The conference-level $12.5M is earmarked for commercial development — broadly, brand-building investments that are too capital-intensive for the regular operating budget. Likely uses include:
- NIL platform and athlete-services infrastructure that the conference can offer to all 16 members at scale.
- Centralized broadcast facilities for the Big 12 Network and conference-wide highlights distribution.
- Brand-extension partnerships that don't fit the existing ESPN/Fox/WBD inventory split.
- Championship-event production and venue infrastructure, including the basketball and football title games.
- International market development — the Big 12 is the only Power-Five conference with active international expansion conversations underway.
At the school level, the $30M credit lines are most likely to be drawn by programs with specific, dollar-quantifiable revenue-generating projects: stadium expansions, athletic-facility upgrades, or NIL-collective working capital. Schools with healthy donor bases and existing borrowing capacity at lower rates than ~10% have less reason to draw from the line. 247Sports reported West Virginia has already engaged the offer; multiple other schools are reviewing internally.
Every move the Big 12 has made under commissioner Brett Yormark— the 16-school post-Texas/Oklahoma rebuild, the WBD sublicense, the RedBird partnership, the international scheduling conversations — points to one date: 2031. That's when the conference's ESPN+Fox primary media-rights contract expires. That's when the conference has to either close the SEC/Big Ten revenue gap or accept a permanent second-tier position in college football.
By 2031 the Big 12's leverage stack looks like this: ratings data from six years of TNT/TBS inventory; a strategic partner (RedBird) that sits on the cap table of one of the most-likely bidders (Paramount/CBS); a commercial-development engine that has already produced $130M+ in incremental revenue; and a 16-0 governance vote signaling that the conference is pulling in one direction. None of those by itself is a media-rights breakthrough. Stacked together over five years, they're the framework for one.
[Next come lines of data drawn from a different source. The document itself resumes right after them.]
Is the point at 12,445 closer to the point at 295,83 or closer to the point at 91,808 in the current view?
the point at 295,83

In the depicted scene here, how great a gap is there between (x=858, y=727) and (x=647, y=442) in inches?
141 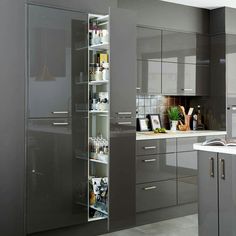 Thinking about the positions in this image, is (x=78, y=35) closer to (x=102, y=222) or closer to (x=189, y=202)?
(x=102, y=222)

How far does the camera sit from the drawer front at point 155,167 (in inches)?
185

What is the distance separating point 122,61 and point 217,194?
157 centimetres

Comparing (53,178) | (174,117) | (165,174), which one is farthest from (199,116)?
(53,178)

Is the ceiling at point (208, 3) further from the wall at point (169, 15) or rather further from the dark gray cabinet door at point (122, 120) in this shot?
the dark gray cabinet door at point (122, 120)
“The deal sends a unified message from the conference's presidents and athletic directors at a time of rapid change in college sports.”
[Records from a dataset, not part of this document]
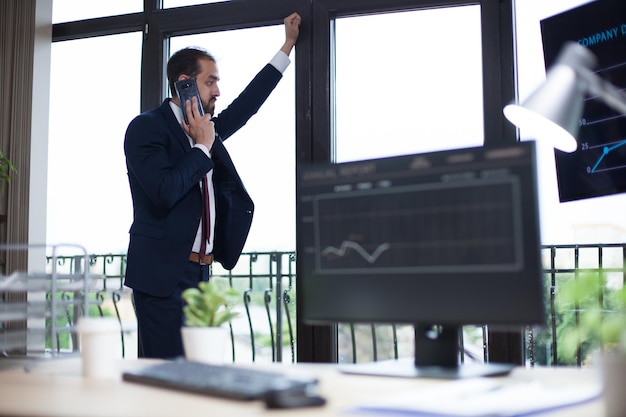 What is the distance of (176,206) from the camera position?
2.96 m

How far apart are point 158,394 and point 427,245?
1.85 ft

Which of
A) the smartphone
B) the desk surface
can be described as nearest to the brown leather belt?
the smartphone

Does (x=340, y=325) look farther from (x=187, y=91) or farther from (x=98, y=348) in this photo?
(x=98, y=348)

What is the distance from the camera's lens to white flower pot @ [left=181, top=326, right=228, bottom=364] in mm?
1663

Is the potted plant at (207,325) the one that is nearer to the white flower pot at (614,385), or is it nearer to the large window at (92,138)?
the white flower pot at (614,385)

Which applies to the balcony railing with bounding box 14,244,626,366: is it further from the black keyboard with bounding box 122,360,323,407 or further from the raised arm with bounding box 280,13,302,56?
the black keyboard with bounding box 122,360,323,407

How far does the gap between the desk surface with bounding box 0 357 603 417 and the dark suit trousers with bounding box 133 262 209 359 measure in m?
1.12

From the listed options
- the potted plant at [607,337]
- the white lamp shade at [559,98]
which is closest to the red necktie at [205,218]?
the white lamp shade at [559,98]

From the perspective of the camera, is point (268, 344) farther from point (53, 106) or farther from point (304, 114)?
point (53, 106)

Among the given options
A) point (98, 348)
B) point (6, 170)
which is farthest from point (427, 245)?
point (6, 170)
Yahoo Sports / Pete Thamel · sourcing the Big 12 / RedBird vote · April 30, 2026
All 16 Big 12 presidents and chancellors said yes to a structure no other conference has been able to close. RedBird and Weatherford put $12.5 million directly into the league office and up to $30 million in opt-in credit per school, take no equity, take no governance role, and tie themselves to a five-year strategic-development engagement that's already produced $130 million-plus in new revenue. Layered onto a sublicense window that puts 28 Big 12 games a year on TNT/TBS, the conference now has a third TV partner today and a credible path to a fourth (Paramount/CBS via RedBird) in 2031. The Big Ten couldn't close this deal. The SEC hasn't. The Big 12 went 16-0 and started the clock on its rights renegotiation five years early. That's the story.